Профессиональный литератор, он писал только то, что намеревался опубликовать. Нет воспоминаний об отце, нет и об Ахматовой. Первый запрет — в ведомстве его сердца, второй — затылка.
Про Гумилева написал достаточно свободно, как вспомнил и как увидел, а значит — невосторженно. Но она к тому времени еще не объявила кампании о возвеличивании Гумилева для создания достойного постамента себе, поэтому проскочило.
…когда Ахматова надиктовывала Л. К. Чуковской, она понимала, что Чуковская — Эккерман, и она, надиктовывая, очень редко проговаривалась. Л. K. Чуковская записала то, что Ахматова хотела видеть записанным, но очень маленькие «проговорочки» есть. А вот Лукницкий записывал спонтанную речь Ахматовой, той внутренней цензуры, которая была у Ахматовой, записанной Лидией Корнеевной, еще не было. Она была, но была не в такой степени.
«Она разрушена последние дни бесстыдной и наглой книгой Эйхенбаума». Имеется в виду книга: Эйхенбаум Б. «Анна Ахматова.
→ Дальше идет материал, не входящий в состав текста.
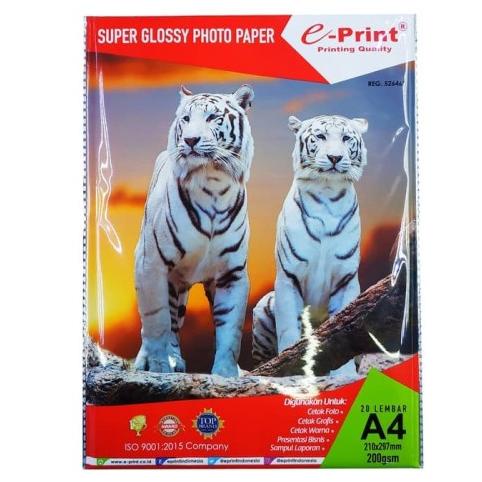 

Berkualitas KERTAS FOTO / PO PAPER SUPER GLOSSY E-PRINT A4 !!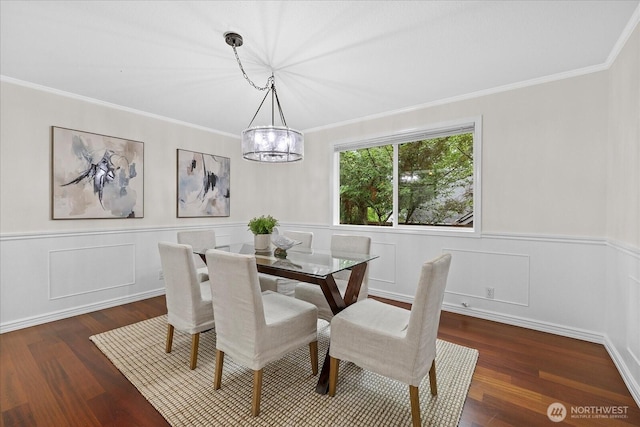 4505 144th Ave SE, Bellevue, WA 98006 - dining room with a chandelier, crown molding, wood finished floors, and a wainscoted wall
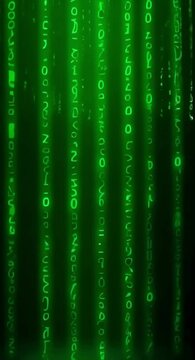Green digital binary numbers looping in motion, animated technology code, futuristic data visualization, programming concept.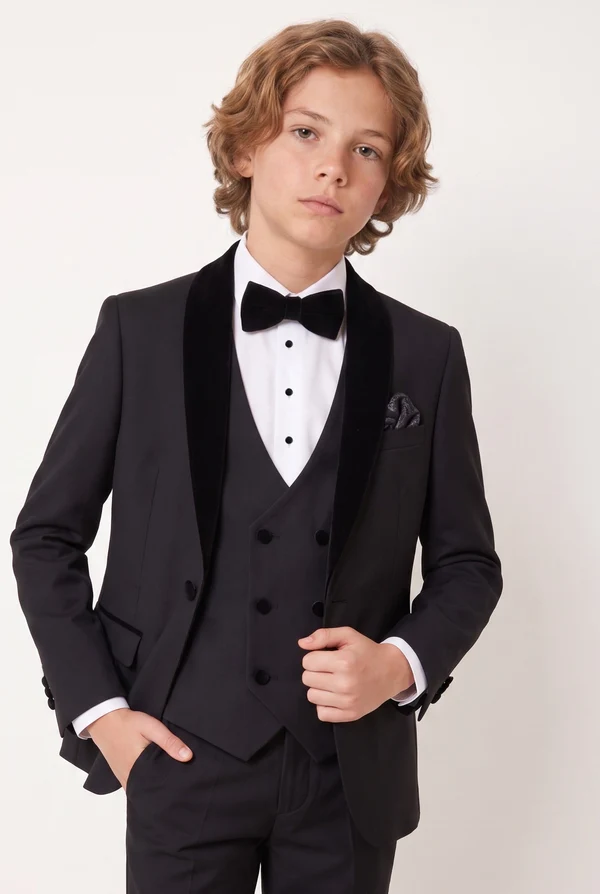 Black Velvet Lapel Single‑Breasted 3‑Piece Suit Set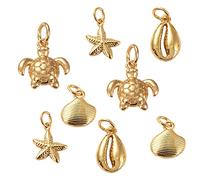 COGCHARGER 8 Pcs Ocean Charms Pendants Shell Turtle Starfish Brass Charms Long-Lasting Plated Pendants for Jewelry Bracelet Earring Making Crafts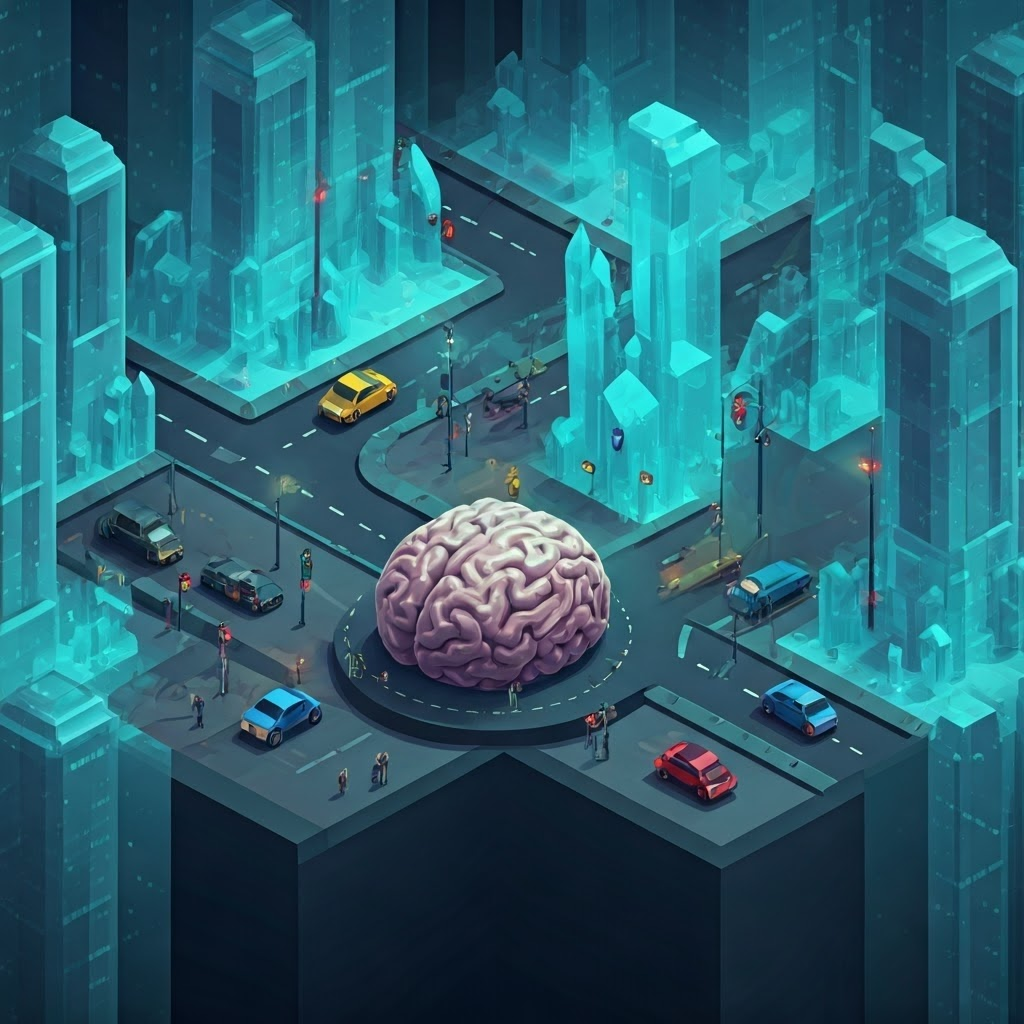 Isometric sci-fi cityscape brain with labeled roads DMN, ECN, and SN, tiny cars zipping under hovering signal lights.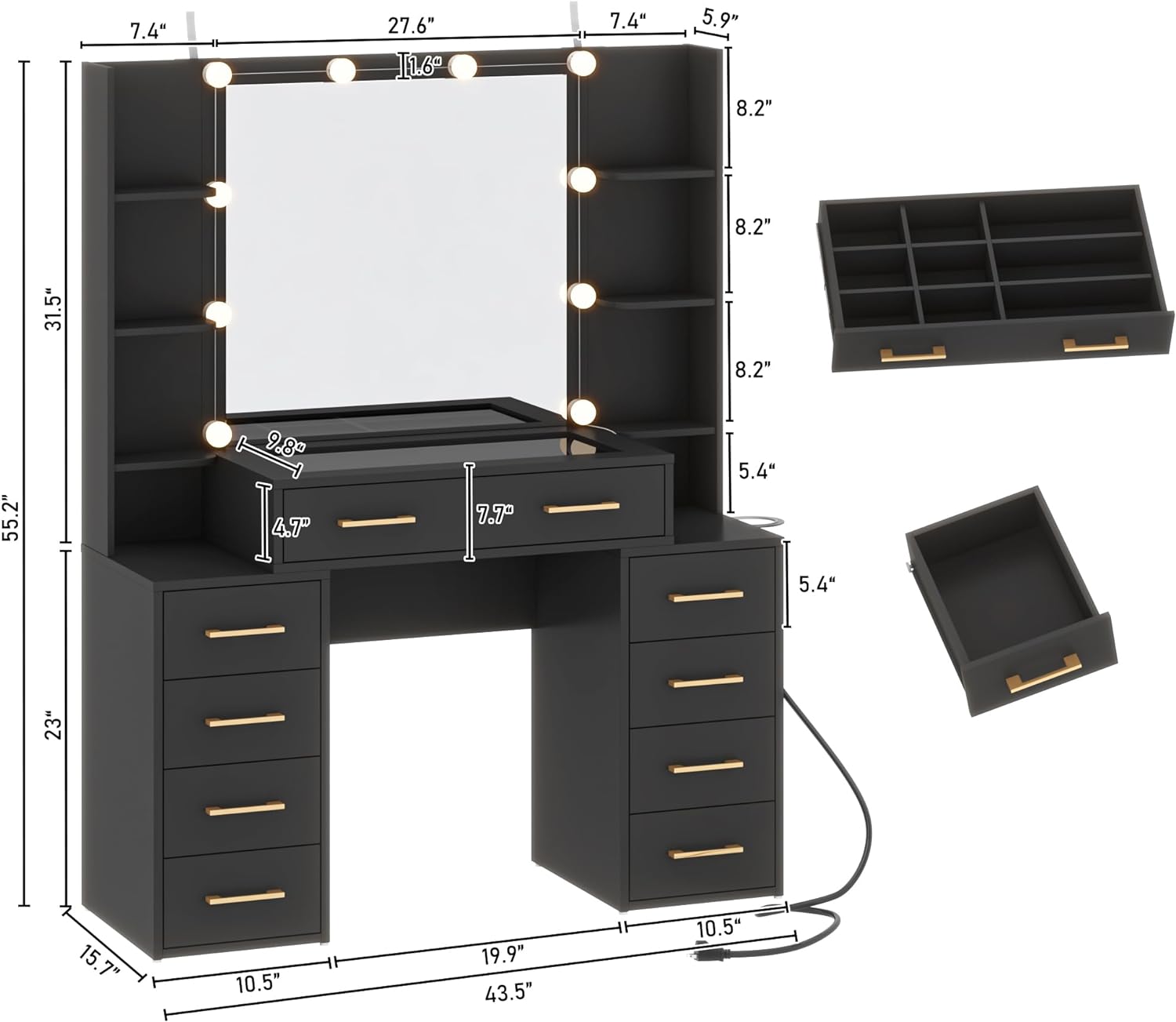 Black Vanity Desk with Mirror and Lights, Large Vanity Table Makeup Desk with Charging Station 9 Drawers and 6 Shelves, Lots Storage Shelves(Black)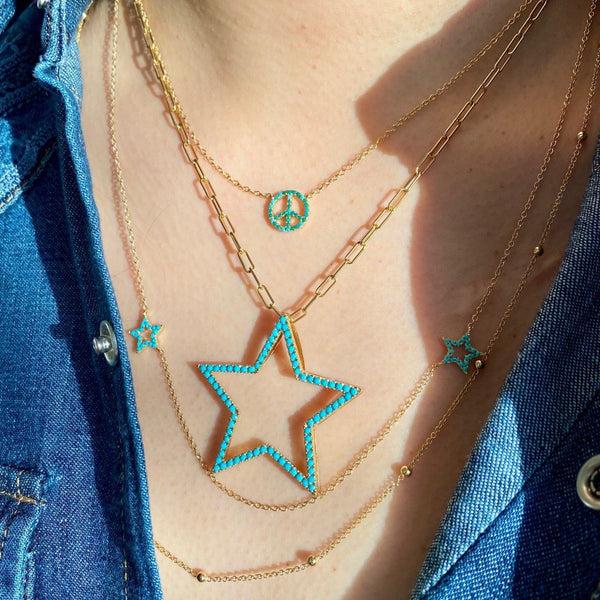 Rosa De La Cruz TURQUOISE PEACE CHARM NECKLACE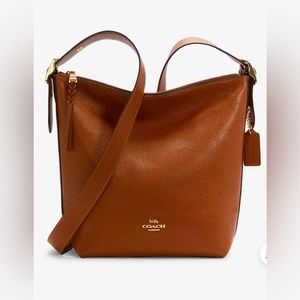 Coach Val Duffle Purse in Redwood Pebbled Leather. NWOT.
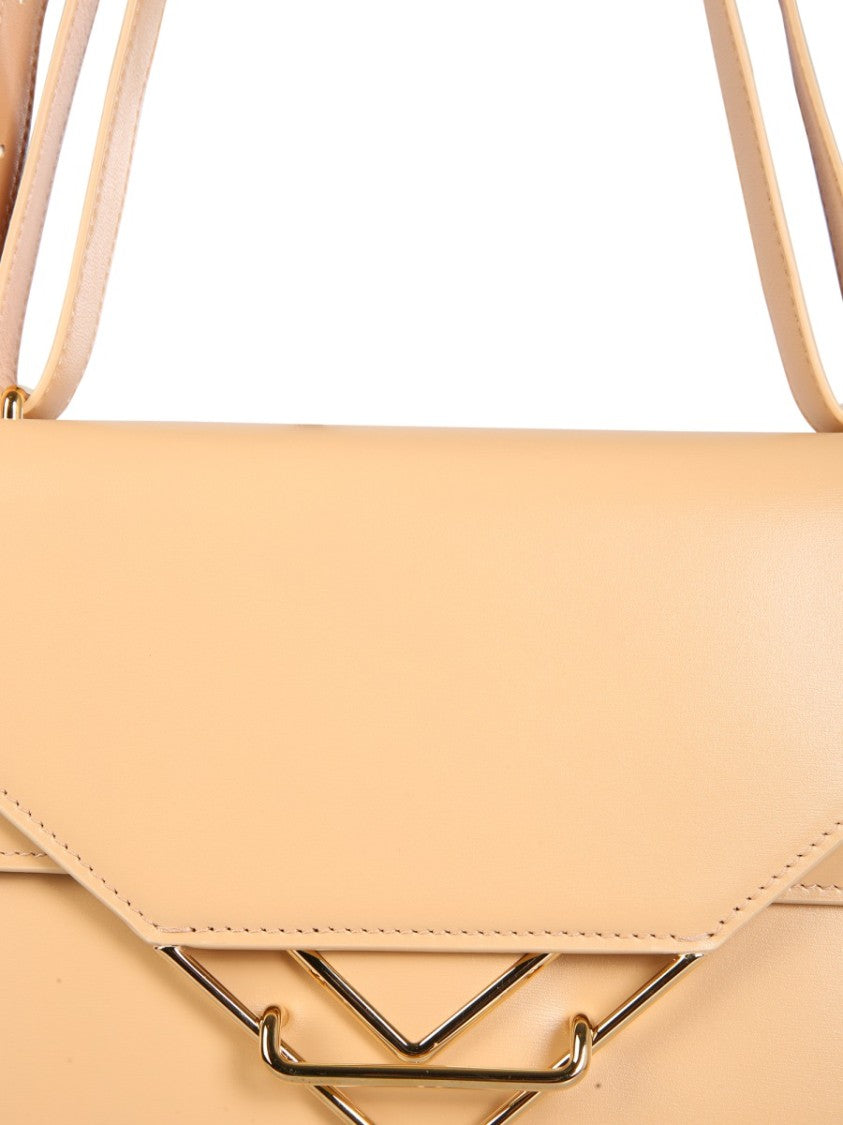 Bottega Veneta Sleek Leather Clip Bag With Removable Strap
Опыт анализа» Пг., 1923. Отрицательная реакция А. Ахматовой на книгу представляется несколько преувеличенной: в целом исследование выдержано в почтительной или по меньшей мере нейтрально-исследовательской тональности.
Примечания: Н. Н. Пунин. Стр. 162, 477
Наталья Кочеткова: Надежда Яковлева Мандельштам, предварительно посоветовавшись с вдовой Гумилева Анной Ахматовой, решила уничтожить некоторые рукописи мужа — те, где он восхвалял Сталина. Она посчитала это минутной слабостью с его стороны.
Будем знать. Некоторые рукописи Мандельштама были уничтожены по совету Анны Андреевны Ахматовой.
Ольга Глазунова: Иосиф Бродский: американский дневник (Интернет): Однажды его очаровал текст Мандельштама, посвященный Ахматовой, «Сохрани мою речь навсегда…» Посвящение Ахматовой, о котором говорится в воспоминаниях современников, не отражено в печатных изданиях. Сам по себе этот факт еще ни о чем не свидетельствует (он мог быть вызван соображениями безопасности), однако и в поэтическом тексте тоже ничто не указывает на присутствие Ахматовой в качестве адресата.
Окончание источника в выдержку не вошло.